- [Task item]
Restate word for word only the lines running from the one with "Bán lô đất 81m2" to the end of the data, both ends included. Omit any pictures.

- [Data excerpt]
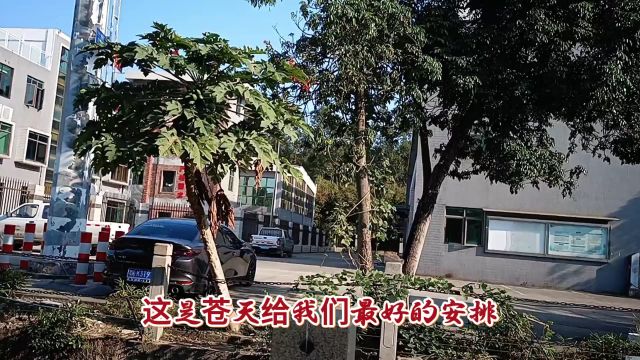 种来不能吃还种个嘚啊,木瓜成熟直接掉河里,小伙气得直咬牙切齿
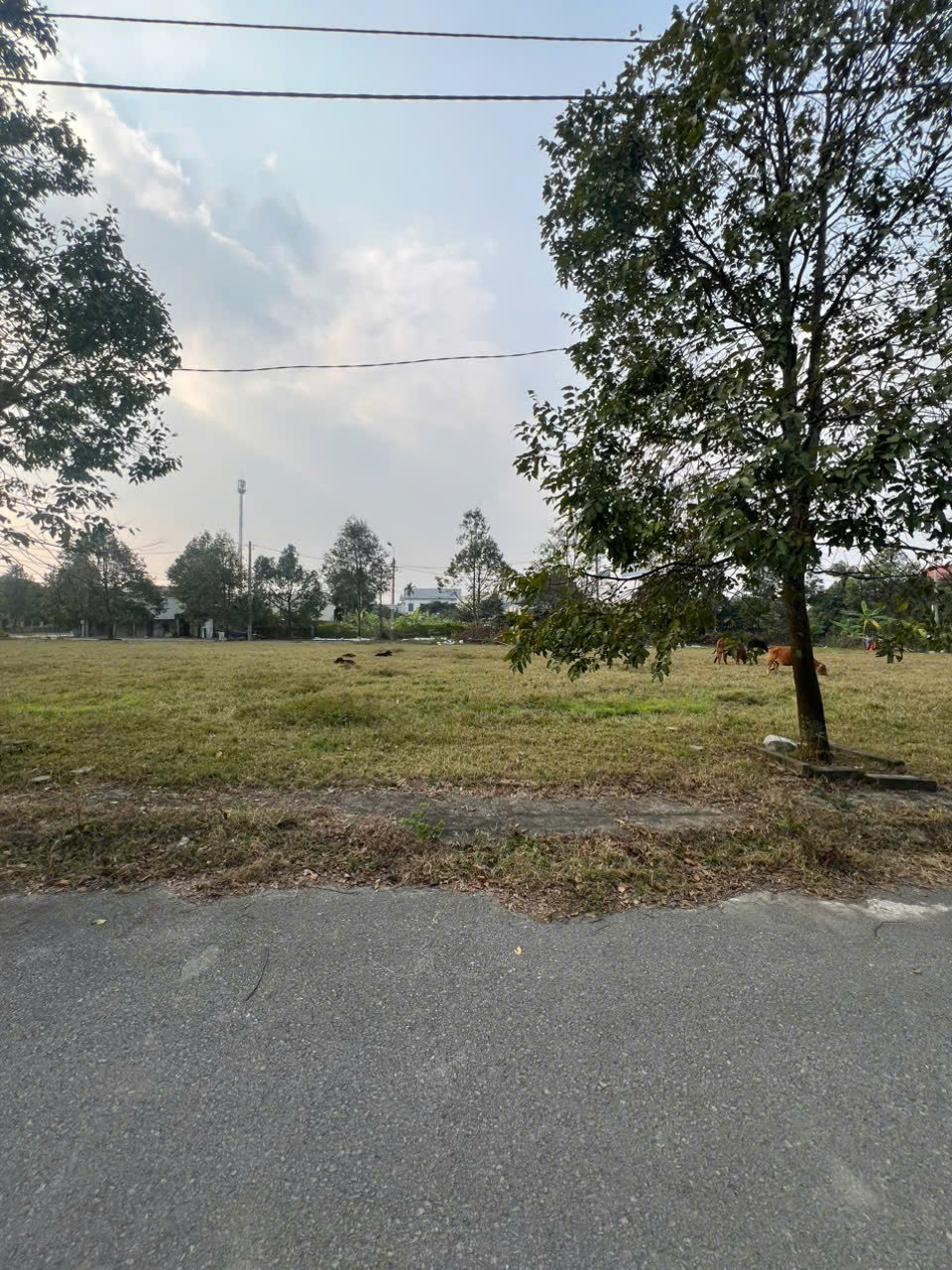 Bán lô đất 81m2 mb 2349 phường Quảng Phú (Quảng Hưng cũ), đường 15,50m, giá 1,79 tỷ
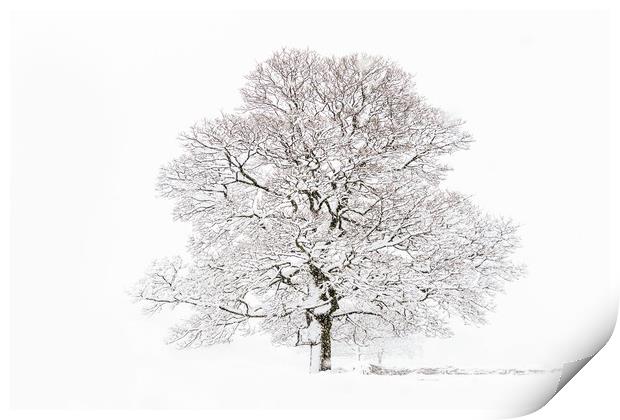 Winter Tree Print by chris smith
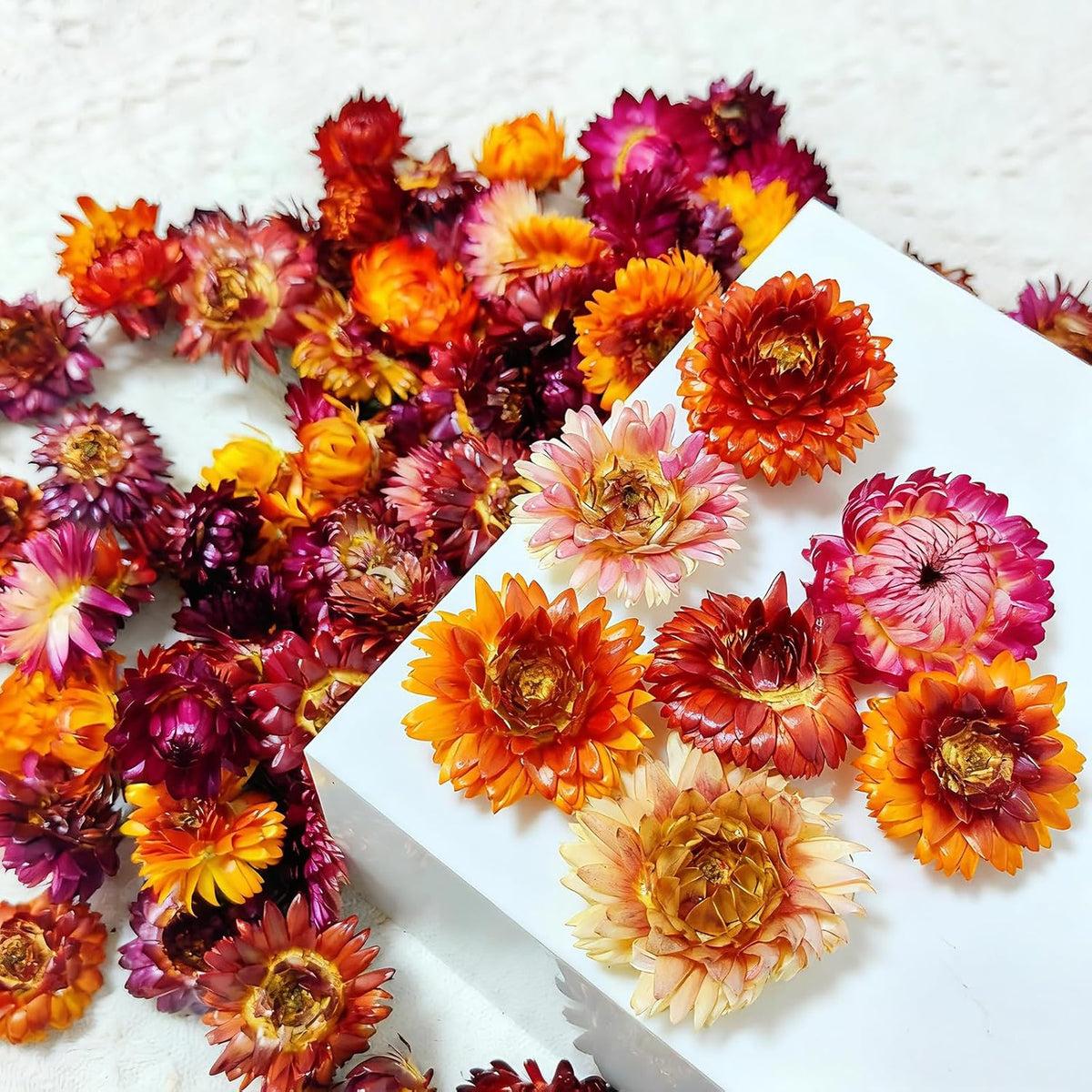 100 Pcs Natural Dried Daisy Flowers Heads, Multicolor Dry Floral Supplies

- [Response area]
 Bán lô đất 81m2 mb 2349 phường Quảng Phú (Quảng Hưng cũ), đường 15,50m, giá 1,79 tỷ
 Winter Tree Print by chris smith
 100 Pcs Natural Dried Daisy Flowers Heads, Multicolor Dry Floral Supplies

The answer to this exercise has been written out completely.